The light shielding layers 314 are formed on the other surface of the first substrate 310 at a predetermined plurality of intervals, generally for distinguishing the red, green, and blue color filter layers 312R, 312G, and 312B.

The color filter layers 312R, 312G, and 312B are generally formed of a photosensitive organic material, and are alternately arranged between the light shielding layers 314 in a red, green, and blue color filter pattern.

The second conductive layer 317 is substantially patterned under the light shielding layer 314 to form a shape corresponding to one of the light shielding layers 314.

Meanwhile, a coating layer 318 may be selectively formed under the color filter layers 312R, 312G, and 312B to remove the step difference generated by the color filter layers 312R, 312G, and 312B. And improve flatness. In this example, the second conductive layer 317 may be formed under the coating layer 318. Here, the coating layer 318 may include a thermosetting material.

The second conductive layer 317 may be formed between the second substrate 320 and the light shielding layer 314. In this example, the second conductive layer 317 is patterned to form one of the corresponding light shielding layers 314 or is formed entirely on the second substrate 320.

The pixel array 322 includes a transparent pixel electrode and a transparent common electrode formed on a surface of the second substrate 320. At the same time, each pixel region is defined by a plurality of gate lines and a plurality of data lines forming an intersection with each other. A plurality of switching devices are disposed at intersections of the gate lines and the data lines (not shown). The pixel electrode and the transparent common electrode are separated from each other by an insulating layer (not shown) interposed therebetween to overlap a predetermined region, and are disposed in the pixel region for applying a voltage to a liquid crystal Layer 330, thereby adjusting the light transmittance.

The electrical connection portion 332 is electrically connected to the second conductive layer 317 and the transparent common electrode of the pixel array 322, and includes a transfer dot portion including a metal having high conductivity, preferably Silver (Ag), or a conductive sealing member containing gold (Au).

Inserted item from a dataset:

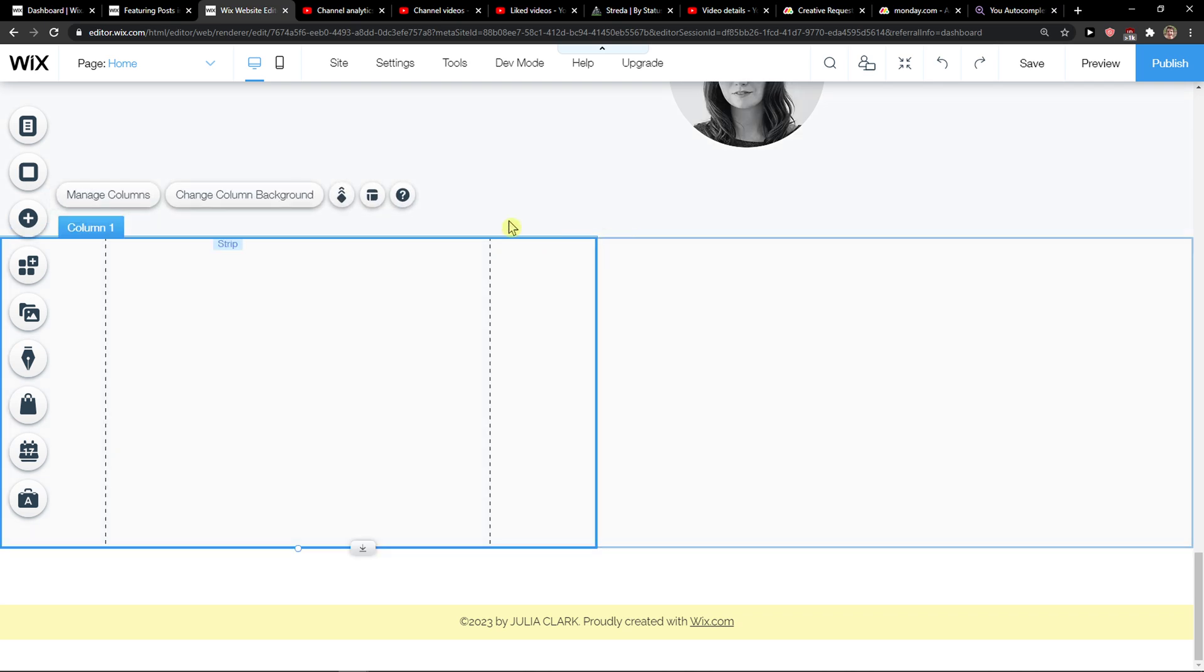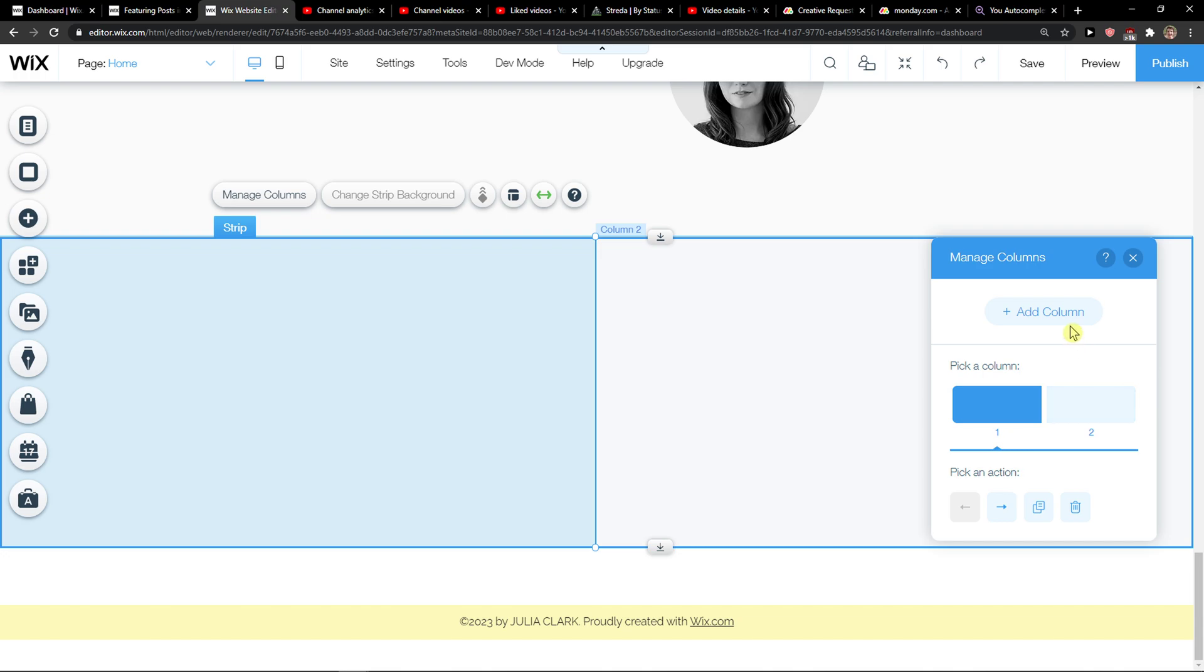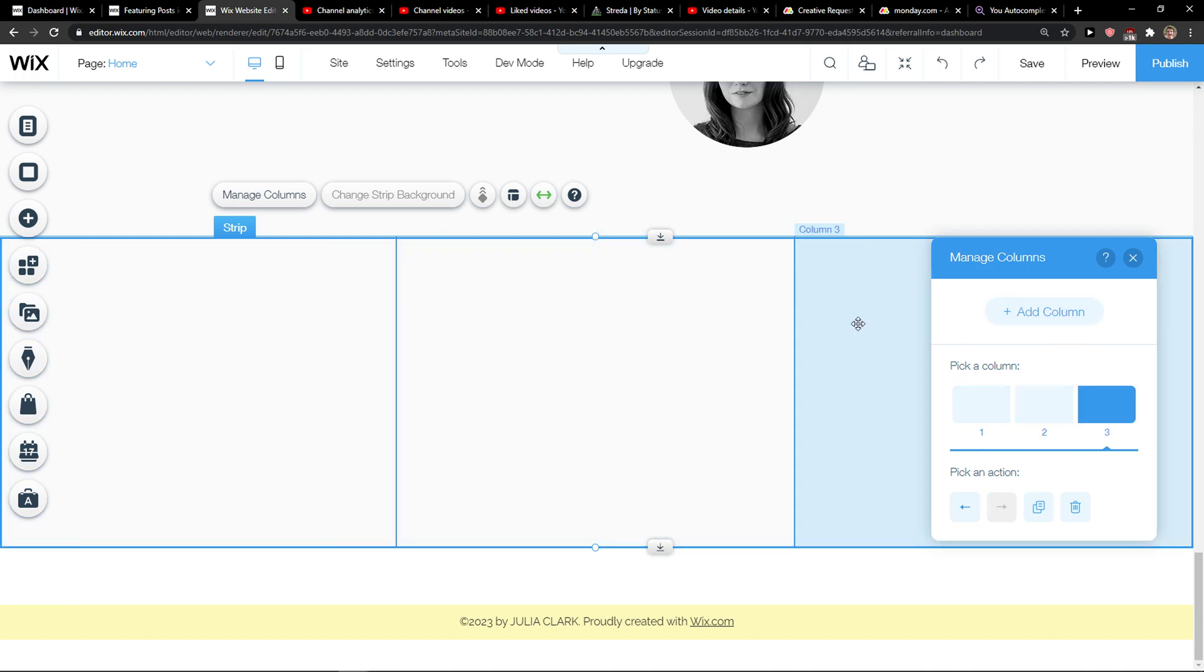And here you can simply see columns and then you can manage column and add multiple columns if you want to, how many you want.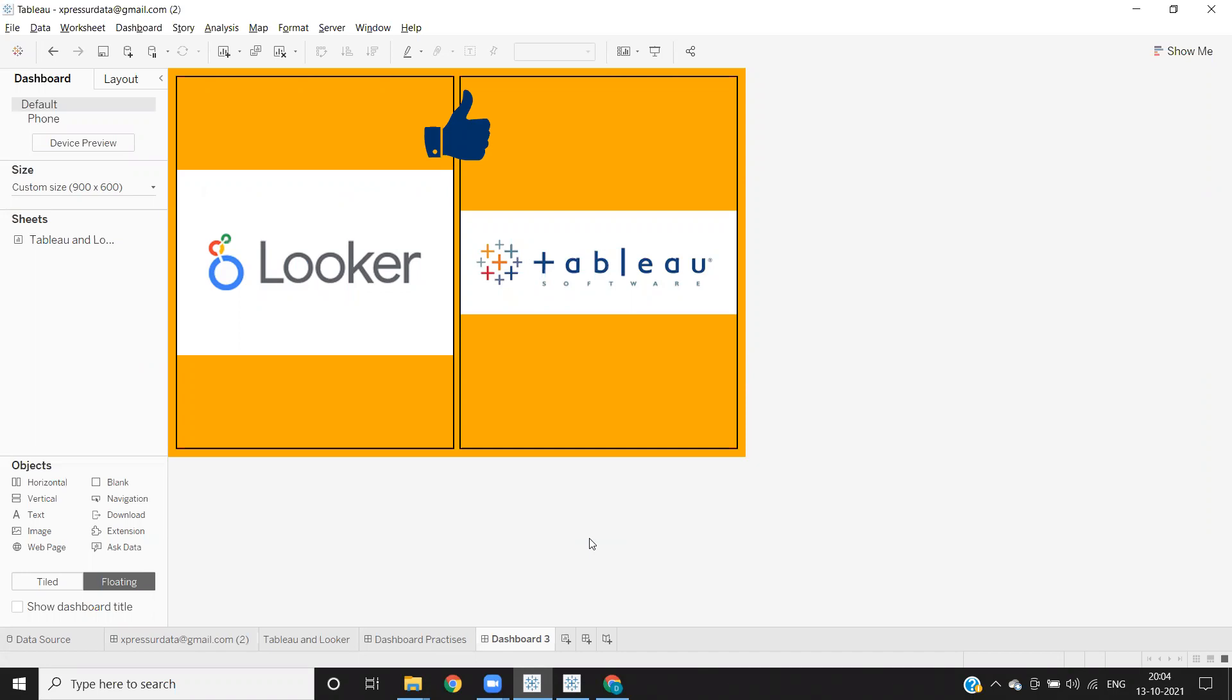While Tableau Desktop is known for its advanced data visualization capabilities, and it is also a desktop native application, which means it's not a cloud-based application.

When a normal voltage is applied to the transparent common electrode of the pixel array 322, the normal voltage is applied to the second conductive layer 317 through the electrical connection portion 332 to be in the second conductive layer 317 and the first An induced electric field is formed between the conductive layers 316 to prevent external static electricity from affecting the liquid crystal layer 330. That is, as indicated by the arrow, the induced electric field is formed between the first conductive layer 316 and the second conductive layer 317 to avoid a liquid crystal polarization in the liquid crystal layer 330. Meanwhile, as shown in the third figure, the planar switching liquid crystal display device further includes a sealing member 325, a lower polarizing plate 326, a backlight unit 328, and a molding frame 329.

Here, when the first conductive layer 316 is replaced by the upper conductive polarizing plate 319, an induced electric field is formed between the upper conductive polarizing plate 319 and the second conductive layer 317.

Meanwhile, since the basic components of the liquid crystal display device are not specifically described, such as a thin film transistor, a substrate, a liquid crystal layer, and the like, and are the same as the conventional liquid crystal display device, the detailed description will be Omitted.

The fourth figure is a cross-sectional view of a planar switching liquid crystal display device according to still another exemplary embodiment of the present invention.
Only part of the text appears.